Freshly arrived from Sacramento, they were standing in line for a rental car. Her eye was drawn to the smog outside. She pointed it out to her fellow traveler, and together they smirked.

“I don’t know anybody ,” she said, “who comes to L.A. for pleasure.”

“Well then,” he persisted, “what brings you here?”

“A funeral.”

“I see,” the man said. He did so with a tone of enlightenment, as if this was the only explanation that could possibly make sense.

*

Against all the doomsday rumble, the bright banners that welcomed shoppers to the Northridge Fashion Center seemed, at first take, darkly comic: “A Good Time,” they promised. “Every Time.” Well, why not? Certainly the mall crowd did not seem haunted by visions of a coming Apocalypse. The place was crammed with people, and if they were distressed by the fire in the desert or the rats in the rubble, they did not give it away.
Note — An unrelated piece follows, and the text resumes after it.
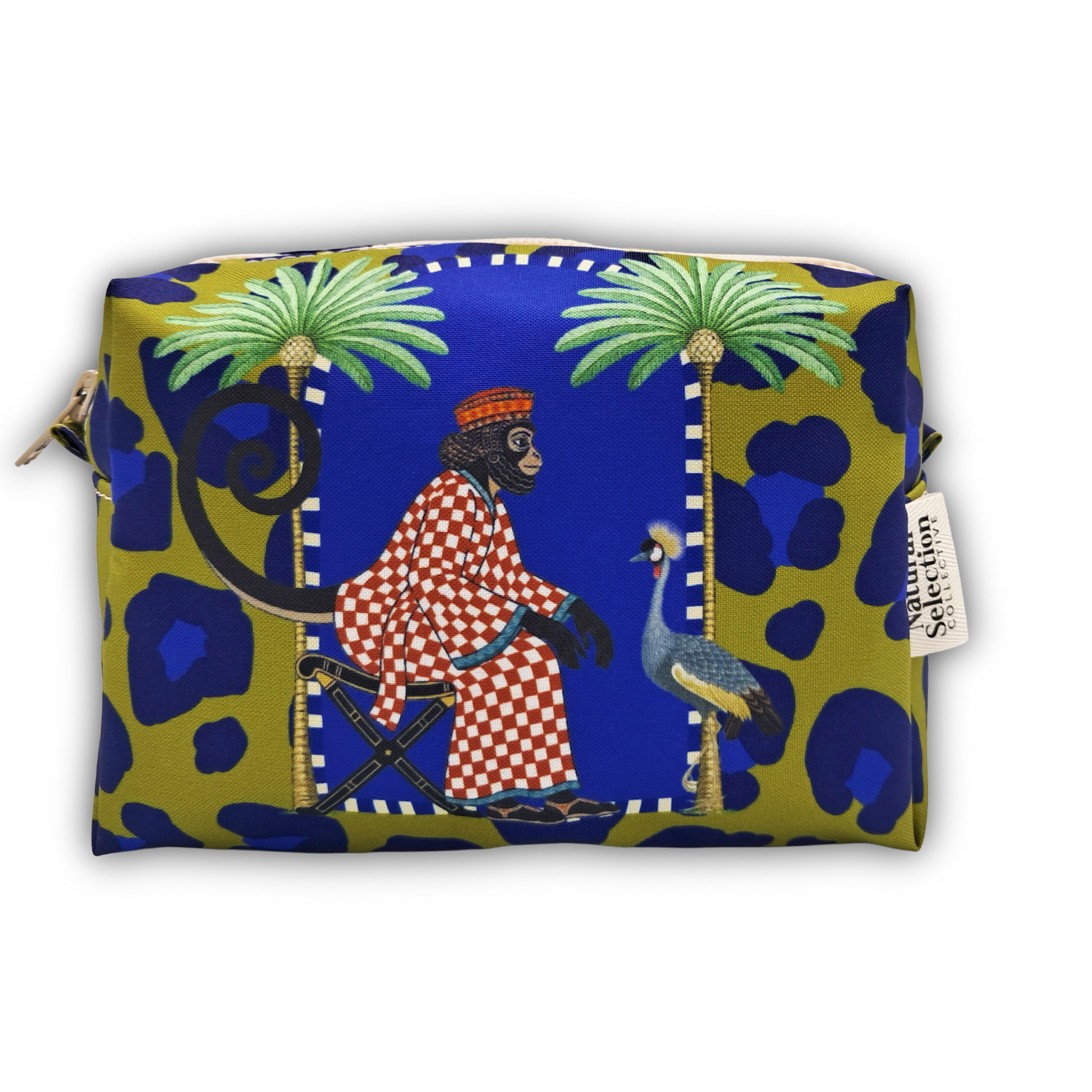 A rectangular zip pouch featuring a vibrant, multicolored print with blue leopard spots, olive green palm trees, and a central illustration of a figure in a red-and-white checkered robe facing a blue bird. A white fabric tag on the right side reads 'Savages Selection'.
This was a happy bunch, milling with wide eyes through a newly restored mall. It had been wrecked last year by the quake. The twisted remains of its parking garage had provided one of the disaster’s most powerful images. The restoration had been a long, complicated process, but finally the job was done and a five-day reopening celebration was in full swing. The crowd had come more to gawk than shop. Here was a victory to admire, a big step on the road back. Here was gleaming evidence that maybe Humpty could be put back together again.

Now shopping malls are strange inventions. Still, for a whole bunch of people, they serve as community crossroads--a rare opportunity to climb out of the car and actually mingle with strangers. At least one woman had let loose tears of relief as she re-entered the mall for the first time since the earthquake. Jean Phillips was not quite that emotional.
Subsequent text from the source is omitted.